(SOURCE RECORDS Opens)
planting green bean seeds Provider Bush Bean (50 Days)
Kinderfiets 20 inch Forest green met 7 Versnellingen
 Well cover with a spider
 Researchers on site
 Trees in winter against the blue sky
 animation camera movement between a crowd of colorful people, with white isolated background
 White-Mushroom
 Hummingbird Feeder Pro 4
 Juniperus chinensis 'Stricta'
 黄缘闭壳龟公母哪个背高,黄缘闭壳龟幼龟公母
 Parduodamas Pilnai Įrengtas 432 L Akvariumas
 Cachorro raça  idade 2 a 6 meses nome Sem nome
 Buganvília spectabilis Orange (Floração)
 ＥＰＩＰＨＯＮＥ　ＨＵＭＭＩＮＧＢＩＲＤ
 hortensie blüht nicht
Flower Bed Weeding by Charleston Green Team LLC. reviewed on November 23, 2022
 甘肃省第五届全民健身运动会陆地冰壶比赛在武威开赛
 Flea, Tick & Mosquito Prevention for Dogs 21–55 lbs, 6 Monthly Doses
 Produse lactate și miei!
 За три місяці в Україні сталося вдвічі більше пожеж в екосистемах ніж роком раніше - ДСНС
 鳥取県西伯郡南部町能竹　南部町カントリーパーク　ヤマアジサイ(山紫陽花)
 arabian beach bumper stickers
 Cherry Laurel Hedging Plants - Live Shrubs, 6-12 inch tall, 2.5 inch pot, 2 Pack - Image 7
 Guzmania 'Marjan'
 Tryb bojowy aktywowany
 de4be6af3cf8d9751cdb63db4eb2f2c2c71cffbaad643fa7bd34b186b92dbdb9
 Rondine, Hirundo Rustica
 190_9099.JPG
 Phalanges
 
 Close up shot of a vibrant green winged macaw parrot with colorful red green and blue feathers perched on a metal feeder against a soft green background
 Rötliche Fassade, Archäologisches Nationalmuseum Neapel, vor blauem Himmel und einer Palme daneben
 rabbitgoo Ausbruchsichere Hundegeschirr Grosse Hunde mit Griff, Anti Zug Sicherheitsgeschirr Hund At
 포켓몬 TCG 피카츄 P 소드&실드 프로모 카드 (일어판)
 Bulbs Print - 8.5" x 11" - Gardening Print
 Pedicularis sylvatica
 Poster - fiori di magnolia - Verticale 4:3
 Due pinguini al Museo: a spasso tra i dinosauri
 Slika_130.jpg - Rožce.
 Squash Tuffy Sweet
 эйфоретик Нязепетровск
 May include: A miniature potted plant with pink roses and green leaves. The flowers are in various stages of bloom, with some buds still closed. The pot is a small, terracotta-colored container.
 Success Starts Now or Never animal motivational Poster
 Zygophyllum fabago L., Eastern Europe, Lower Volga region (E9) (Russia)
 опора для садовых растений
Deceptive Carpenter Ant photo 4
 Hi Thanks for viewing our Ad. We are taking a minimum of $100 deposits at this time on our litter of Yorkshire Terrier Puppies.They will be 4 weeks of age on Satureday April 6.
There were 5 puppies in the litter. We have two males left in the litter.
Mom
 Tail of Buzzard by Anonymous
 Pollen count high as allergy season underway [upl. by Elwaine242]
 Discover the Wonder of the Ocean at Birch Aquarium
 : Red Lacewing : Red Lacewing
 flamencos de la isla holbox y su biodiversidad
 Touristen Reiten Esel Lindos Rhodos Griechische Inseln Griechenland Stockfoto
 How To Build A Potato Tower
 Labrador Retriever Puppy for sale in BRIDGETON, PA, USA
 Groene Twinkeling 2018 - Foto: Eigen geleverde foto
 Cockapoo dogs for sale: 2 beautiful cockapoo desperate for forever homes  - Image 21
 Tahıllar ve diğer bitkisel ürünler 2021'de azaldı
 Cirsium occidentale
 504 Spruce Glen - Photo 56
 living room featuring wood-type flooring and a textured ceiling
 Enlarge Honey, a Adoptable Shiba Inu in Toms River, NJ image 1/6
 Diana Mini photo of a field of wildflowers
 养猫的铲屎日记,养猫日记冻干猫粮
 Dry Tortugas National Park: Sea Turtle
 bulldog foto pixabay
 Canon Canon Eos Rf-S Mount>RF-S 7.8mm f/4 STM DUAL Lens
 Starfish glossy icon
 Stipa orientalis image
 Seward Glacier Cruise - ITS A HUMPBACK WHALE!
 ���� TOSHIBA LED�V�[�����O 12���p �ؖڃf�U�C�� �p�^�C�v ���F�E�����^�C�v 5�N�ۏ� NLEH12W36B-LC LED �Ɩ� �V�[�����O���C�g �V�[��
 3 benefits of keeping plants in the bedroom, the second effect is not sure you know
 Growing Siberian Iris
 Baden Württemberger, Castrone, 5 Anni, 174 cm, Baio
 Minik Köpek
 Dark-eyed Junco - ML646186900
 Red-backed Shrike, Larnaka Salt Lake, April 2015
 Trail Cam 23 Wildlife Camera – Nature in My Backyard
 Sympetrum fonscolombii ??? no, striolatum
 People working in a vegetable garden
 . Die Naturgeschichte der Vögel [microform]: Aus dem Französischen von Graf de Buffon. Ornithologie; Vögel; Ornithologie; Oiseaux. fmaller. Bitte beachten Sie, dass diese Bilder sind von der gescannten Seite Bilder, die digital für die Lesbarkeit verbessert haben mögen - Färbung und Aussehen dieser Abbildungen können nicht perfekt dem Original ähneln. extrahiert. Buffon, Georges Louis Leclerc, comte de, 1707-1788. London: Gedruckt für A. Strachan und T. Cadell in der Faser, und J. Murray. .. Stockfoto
(SOURCE RECORDS Closes)
Copy every line of the listing, exact to the last character.

planting green bean seeds Provider Bush Bean (50 Days)
Kinderfiets 20 inch Forest green met 7 Versnellingen
 Well cover with a spider
 Researchers on site
 Trees in winter against the blue sky
 animation camera movement between a crowd of colorful people, with white isolated background
 White-Mushroom
 Hummingbird Feeder Pro 4
 Juniperus chinensis 'Stricta'
 黄缘闭壳龟公母哪个背高,黄缘闭壳龟幼龟公母
 Parduodamas Pilnai Įrengtas 432 L Akvariumas
 Cachorro raça  idade 2 a 6 meses nome Sem nome
 Buganvília spectabilis Orange (Floração)
 ＥＰＩＰＨＯＮＥ　ＨＵＭＭＩＮＧＢＩＲＤ
 hortensie blüht nicht
Flower Bed Weeding by Charleston Green Team LLC. reviewed on November 23, 2022
 甘肃省第五届全民健身运动会陆地冰壶比赛在武威开赛
 Flea, Tick & Mosquito Prevention for Dogs 21–55 lbs, 6 Monthly Doses
 Produse lactate și miei!
 За три місяці в Україні сталося вдвічі більше пожеж в екосистемах ніж роком раніше - ДСНС
 鳥取県西伯郡南部町能竹　南部町カントリーパーク　ヤマアジサイ(山紫陽花)
 arabian beach bumper stickers
 Cherry Laurel Hedging Plants - Live Shrubs, 6-12 inch tall, 2.5 inch pot, 2 Pack - Image 7
 Guzmania 'Marjan'
 Tryb bojowy aktywowany
 de4be6af3cf8d9751cdb63db4eb2f2c2c71cffbaad643fa7bd34b186b92dbdb9
 Rondine, Hirundo Rustica
 190_9099.JPG
 Phalanges
 
 Close up shot of a vibrant green winged macaw parrot with colorful red green and blue feathers perched on a metal feeder against a soft green background
 Rötliche Fassade, Archäologisches Nationalmuseum Neapel, vor blauem Himmel und einer Palme daneben
 rabbitgoo Ausbruchsichere Hundegeschirr Grosse Hunde mit Griff, Anti Zug Sicherheitsgeschirr Hund At
 포켓몬 TCG 피카츄 P 소드&실드 프로모 카드 (일어판)
 Bulbs Print - 8.5" x 11" - Gardening Print
 Pedicularis sylvatica
 Poster - fiori di magnolia - Verticale 4:3
 Due pinguini al Museo: a spasso tra i dinosauri
 Slika_130.jpg - Rožce.
 Squash Tuffy Sweet
 эйфоретик Нязепетровск
 May include: A miniature potted plant with pink roses and green leaves. The flowers are in various stages of bloom, with some buds still closed. The pot is a small, terracotta-colored container.
 Success Starts Now or Never animal motivational Poster
 Zygophyllum fabago L., Eastern Europe, Lower Volga region (E9) (Russia)
 опора для садовых растений
Deceptive Carpenter Ant photo 4
 Hi Thanks for viewing our Ad. We are taking a minimum of $100 deposits at this time on our litter of Yorkshire Terrier Puppies.They will be 4 weeks of age on Satureday April 6.
There were 5 puppies in the litter. We have two males left in the litter.
Mom
 Tail of Buzzard by Anonymous
 Pollen count high as allergy season underway [upl. by Elwaine242]
 Discover the Wonder of the Ocean at Birch Aquarium
 : Red Lacewing : Red Lacewing
 flamencos de la isla holbox y su biodiversidad
 Touristen Reiten Esel Lindos Rhodos Griechische Inseln Griechenland Stockfoto
 How To Build A Potato Tower
 Labrador Retriever Puppy for sale in BRIDGETON, PA, USA
 Groene Twinkeling 2018 - Foto: Eigen geleverde foto
 Cockapoo dogs for sale: 2 beautiful cockapoo desperate for forever homes  - Image 21
 Tahıllar ve diğer bitkisel ürünler 2021'de azaldı
 Cirsium occidentale
 504 Spruce Glen - Photo 56
 living room featuring wood-type flooring and a textured ceiling
 Enlarge Honey, a Adoptable Shiba Inu in Toms River, NJ image 1/6
 Diana Mini photo of a field of wildflowers
 养猫的铲屎日记,养猫日记冻干猫粮
 Dry Tortugas National Park: Sea Turtle
 bulldog foto pixabay
 Canon Canon Eos Rf-S Mount>RF-S 7.8mm f/4 STM DUAL Lens
 Starfish glossy icon
 Stipa orientalis image
 Seward Glacier Cruise - ITS A HUMPBACK WHALE!
 ���� TOSHIBA LED�V�[�����O 12���p �ؖڃf�U�C�� �p�^�C�v ���F�E�����^�C�v 5�N�ۏ� NLEH12W36B-LC LED �Ɩ� �V�[�����O���C�g �V�[��
 3 benefits of keeping plants in the bedroom, the second effect is not sure you know
 Growing Siberian Iris
 Baden Württemberger, Castrone, 5 Anni, 174 cm, Baio
 Minik Köpek
 Dark-eyed Junco - ML646186900
 Red-backed Shrike, Larnaka Salt Lake, April 2015
 Trail Cam 23 Wildlife Camera – Nature in My Backyard
 Sympetrum fonscolombii ??? no, striolatum
 People working in a vegetable garden
 . Die Naturgeschichte der Vögel [microform]: Aus dem Französischen von Graf de Buffon. Ornithologie; Vögel; Ornithologie; Oiseaux. fmaller. Bitte beachten Sie, dass diese Bilder sind von der gescannten Seite Bilder, die digital für die Lesbarkeit verbessert haben mögen - Färbung und Aussehen dieser Abbildungen können nicht perfekt dem Original ähneln. extrahiert. Buffon, Georges Louis Leclerc, comte de, 1707-1788. London: Gedruckt für A. Strachan und T. Cadell in der Faser, und J. Murray. .. Stockfoto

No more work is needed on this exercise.